[Required action] Pictures aside, write out the data exactly as it reads.

[Material provided]
· · · ·
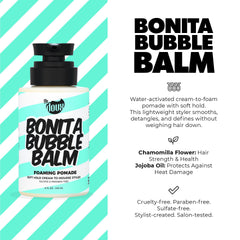 Bonita Bubble Balm controla el frizz y aporta brillo en cabellos rizados.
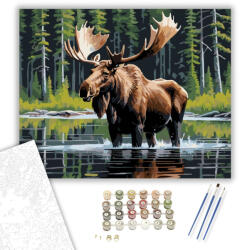 Számfestő Jávorszarvas a Tiszta Tóban - számfestő készlet - 40×50 cm (Keretre feszítve) (crea5557-40X50-KF)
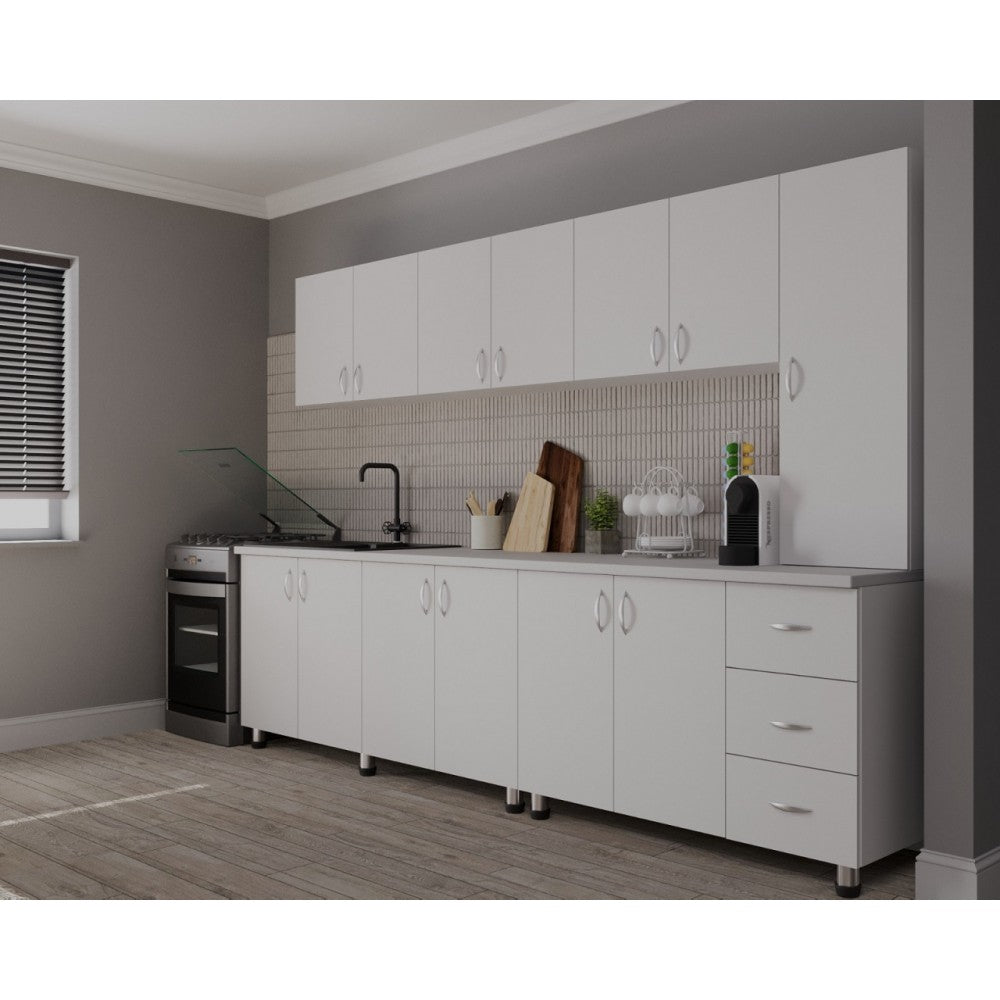 Bucatarie Yustina Alb+Argintiu, 280x43x189cm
· · · ·
[Completed exercise]
 Bonita Bubble Balm controla el frizz y aporta brillo en cabellos rizados.
 Számfestő Jávorszarvas a Tiszta Tóban - számfestő készlet - 40×50 cm (Keretre feszítve) (crea5557-40X50-KF)
 Bucatarie Yustina Alb+Argintiu, 280x43x189cm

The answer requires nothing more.